» **Work order**
Note on the material below: return exactly the lines from the line that holds "May include: A" through the line that holds "zwei Personen stehen", and leave out each picture.

» **Dataset entries**
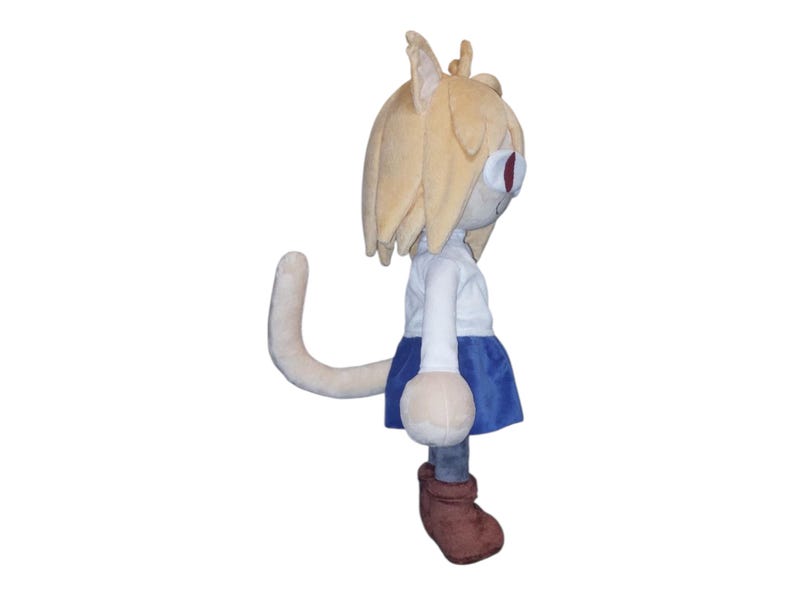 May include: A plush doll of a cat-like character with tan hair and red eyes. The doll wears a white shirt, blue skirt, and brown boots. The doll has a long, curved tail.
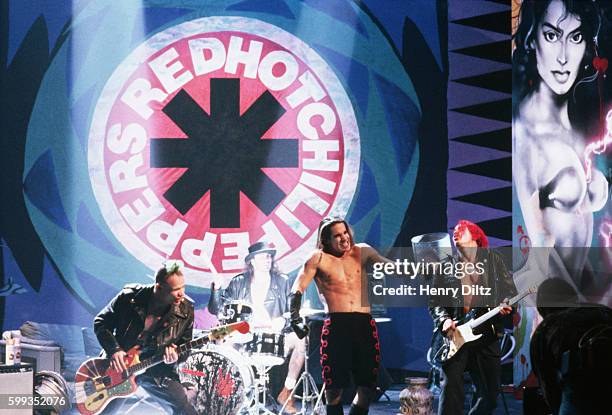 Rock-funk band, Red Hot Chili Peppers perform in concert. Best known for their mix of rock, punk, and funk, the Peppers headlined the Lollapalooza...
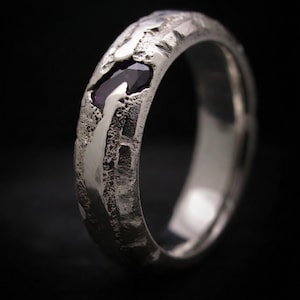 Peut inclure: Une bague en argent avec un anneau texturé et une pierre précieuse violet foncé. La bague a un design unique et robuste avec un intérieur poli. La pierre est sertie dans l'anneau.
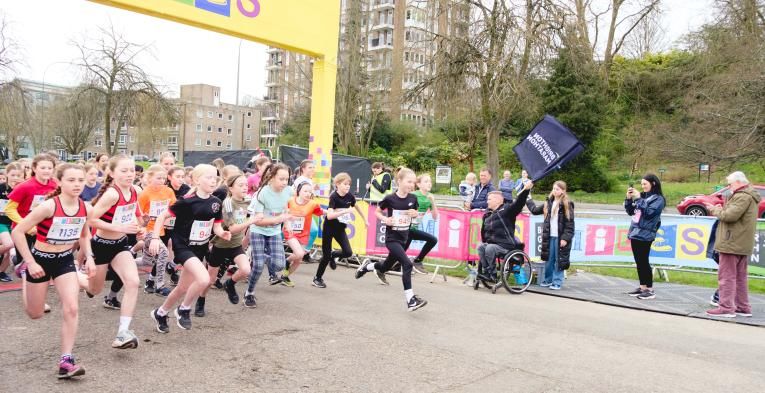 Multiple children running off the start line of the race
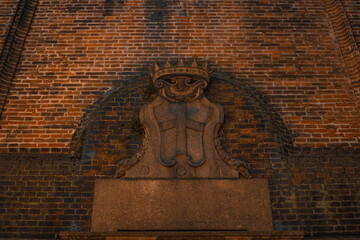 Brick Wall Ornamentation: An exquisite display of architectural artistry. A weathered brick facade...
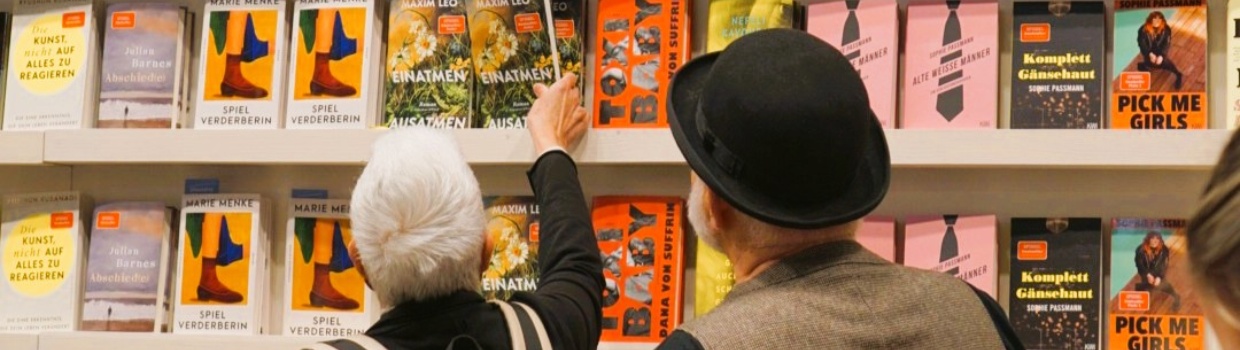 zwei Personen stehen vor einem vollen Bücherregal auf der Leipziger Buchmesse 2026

--

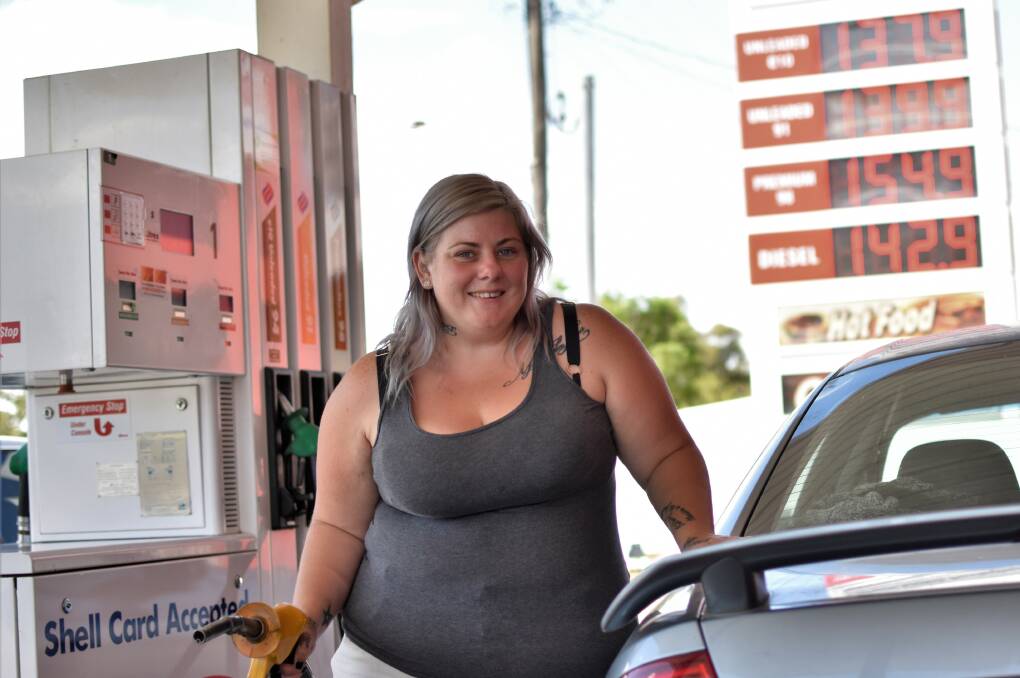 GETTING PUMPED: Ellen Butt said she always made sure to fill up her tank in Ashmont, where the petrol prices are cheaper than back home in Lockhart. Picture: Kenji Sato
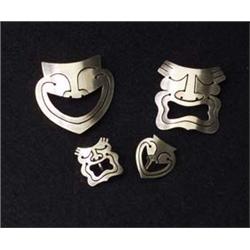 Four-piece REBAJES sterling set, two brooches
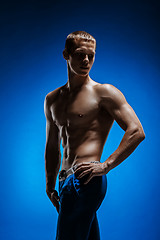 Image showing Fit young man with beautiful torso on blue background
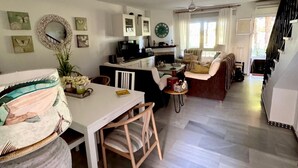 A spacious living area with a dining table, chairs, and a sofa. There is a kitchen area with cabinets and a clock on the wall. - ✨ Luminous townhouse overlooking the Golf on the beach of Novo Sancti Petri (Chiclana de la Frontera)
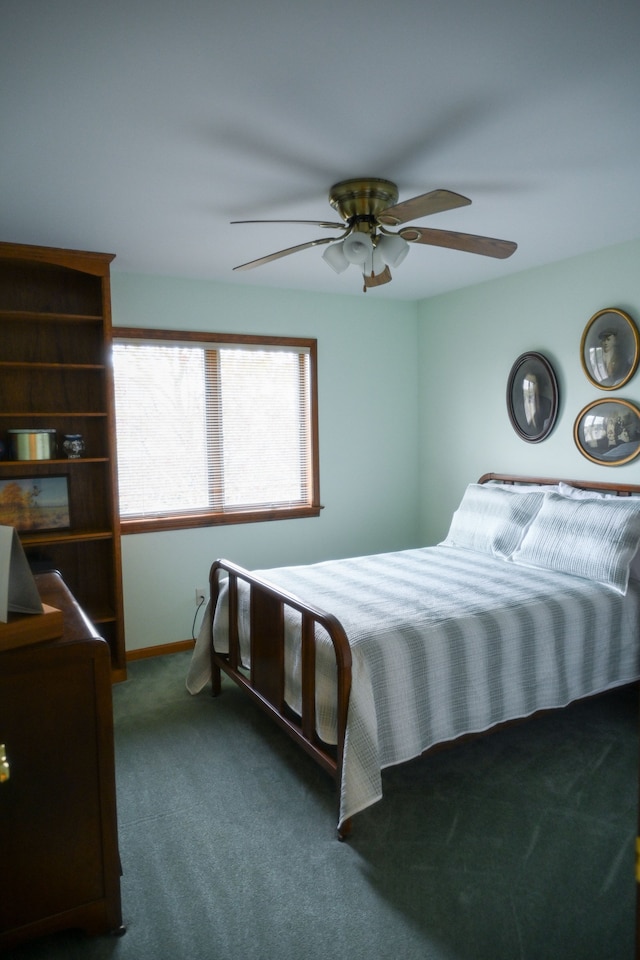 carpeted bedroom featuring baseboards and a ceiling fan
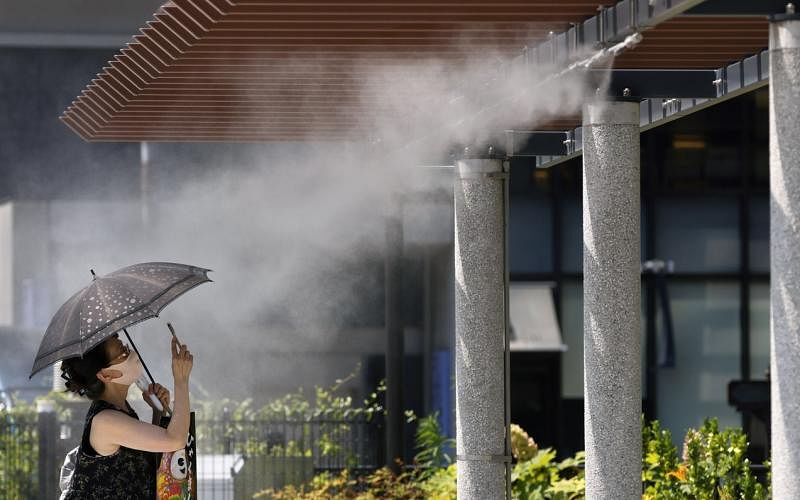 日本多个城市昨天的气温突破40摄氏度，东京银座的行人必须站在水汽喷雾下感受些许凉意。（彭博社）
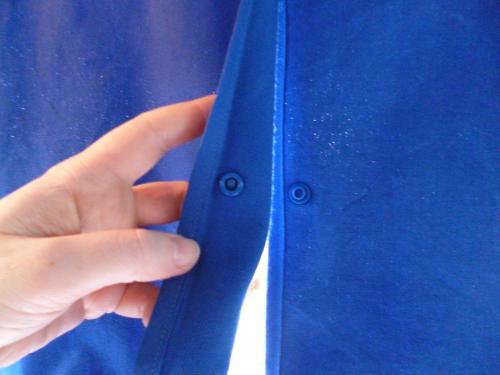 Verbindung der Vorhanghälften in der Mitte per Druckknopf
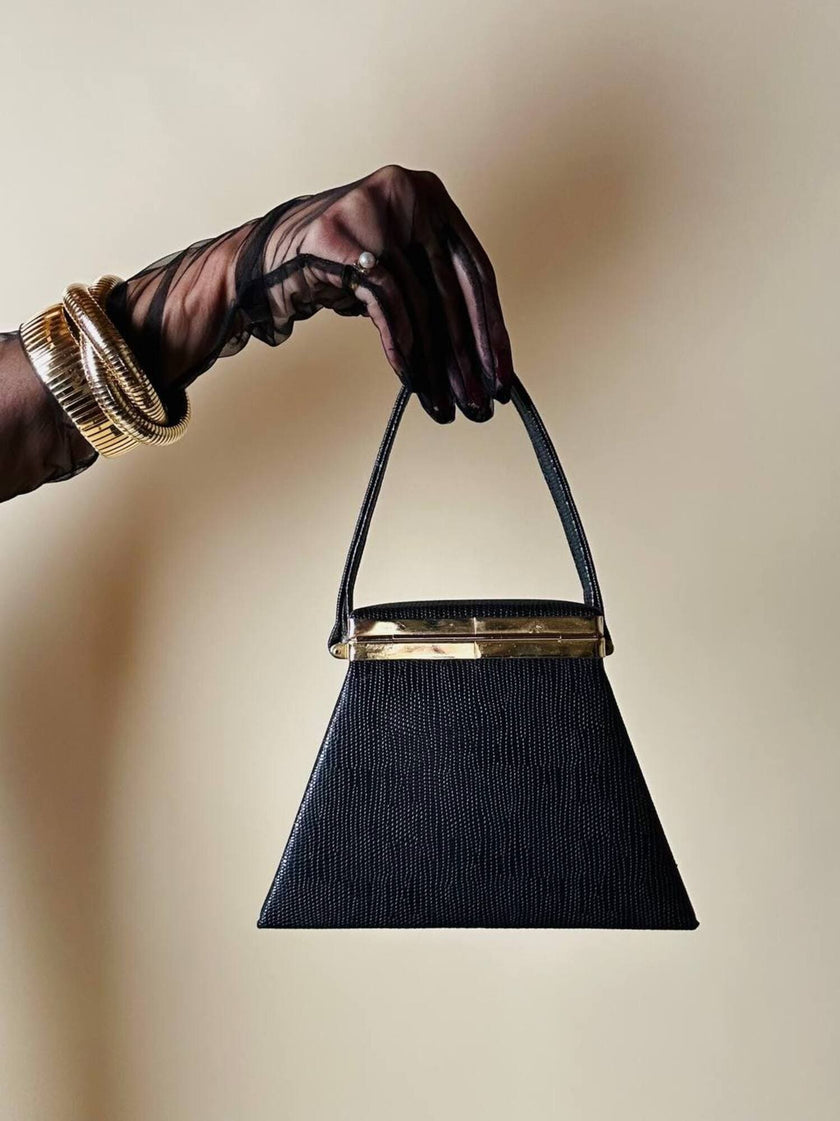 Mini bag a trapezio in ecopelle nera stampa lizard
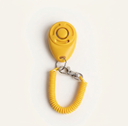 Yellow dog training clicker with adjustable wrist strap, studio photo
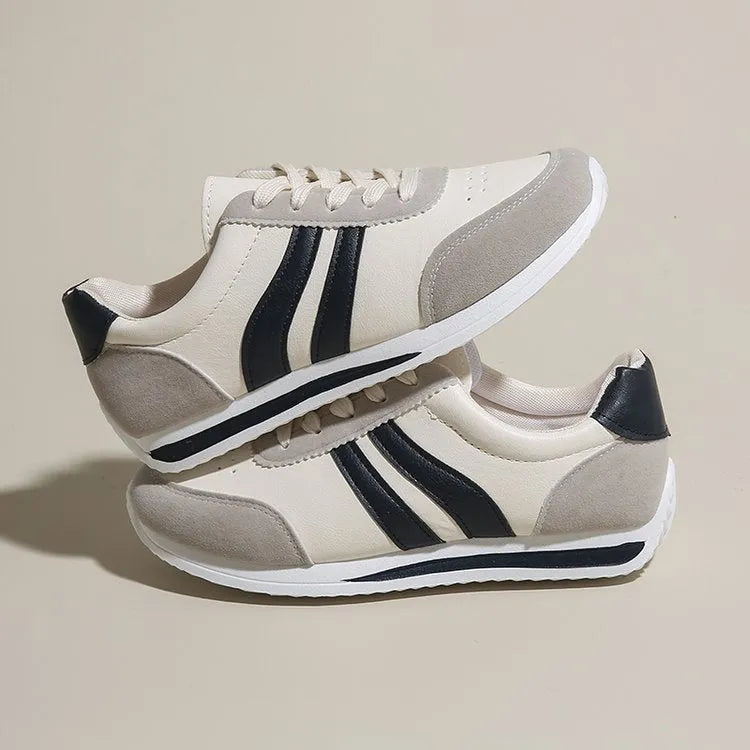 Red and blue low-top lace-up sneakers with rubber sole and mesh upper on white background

» **Task response**
 May include: A plush doll of a cat-like character with tan hair and red eyes. The doll wears a white shirt, blue skirt, and brown boots. The doll has a long, curved tail.
 Rock-funk band, Red Hot Chili Peppers perform in concert. Best known for their mix of rock, punk, and funk, the Peppers headlined the Lollapalooza...
 Peut inclure: Une bague en argent avec un anneau texturé et une pierre précieuse violet foncé. La bague a un design unique et robuste avec un intérieur poli. La pierre est sertie dans l'anneau.
 Multiple children running off the start line of the race
 Brick Wall Ornamentation: An exquisite display of architectural artistry. A weathered brick facade...
 zwei Personen stehen vor einem vollen Bücherregal auf der Leipziger Buchmesse 2026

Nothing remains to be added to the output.